煤与生物质共气化可实现煤及生物质资源的清洁高效利用，但碱金属挥发带来的腐蚀问题和气相焦油冷凝带来的管道堵塞问题严重制约共气化技术的开发和应用。为此，本项目拟将共气化过程中碱金属捕集与焦油原位催化重整结合，以具有高效碱金属吸附性能的氧化铝为载体，制备镍基催化剂，改善其原位催化焦油重整反应性能，同步实现碱金属捕集及焦油催化重整转化。利用可视化固定床-激光诱导击穿光谱联用技术研究过程参数对碱金属释放及焦油产率的影响规律。通过在反应器内加装隔板内构件实现碱金属挥发与原位焦油形成过程的分隔和组合，结合催化剂吸附碱金属的特性、原位催化焦油转化性能及其结构特征分析，阐明碱金属捕集与焦油原位催化重整过程的相互作用机制。通过系统研究共气化过程中催化剂结构组成变化、吸附与催化性能，揭示催化剂同步吸附碱金属及催化焦油转化机制。本项目的研究对高品质合成气生产及煤与生物质共气化发展瓶颈问题的解决有重要指导意义。
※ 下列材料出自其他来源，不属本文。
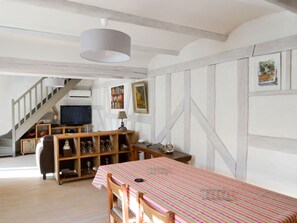 Dining - Quaint Villa With Private Pool in Molières-sur-cèze (Molieres-sur-Ceze)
Co-gasification of coal and biomass is an important technology to realize the clean and efficiency utilization of coal and biomass. However, the corrosion of pipeline caused by release of alkali and the pipe blockage caused by condensation of tar seriously limit the further development and industrialization of co-gasification technology. Therefore, in this project, we propose a process to combine capture of alkali salts and in-situ catalytic reforming of tar, and improve the catalytic performance of catalyst by enhancing the interaction between supporter and alkali vapor, realizing the efficient adsorption of alkali vapor and conversion of tar together. The effect of process parameters on co-gasification will be investigated using a system combing the visual fixed bed reactor and laser induced breakdown spectroscopy to obtain the basic role of alkali volatilization and tar yield. A baffled reactor will be designed to isolate or combine the release of alkali and formation of in-situ tar, and the interaction effect between the adsorption process of alkali and in-situ catalytic reforming reaction of tar well be revealed by analyzing the alkali adsorption characteristic, catalytic performance and structure properties of catalyst. Finally, the structure properties and adsorption/catalytic performance of the catalyst during catalytic co-gasification of biomass and coal will be studied to reveal the mechanism on synchronous alkali salts removal and in-situ tar catalytic reforming of catalyst.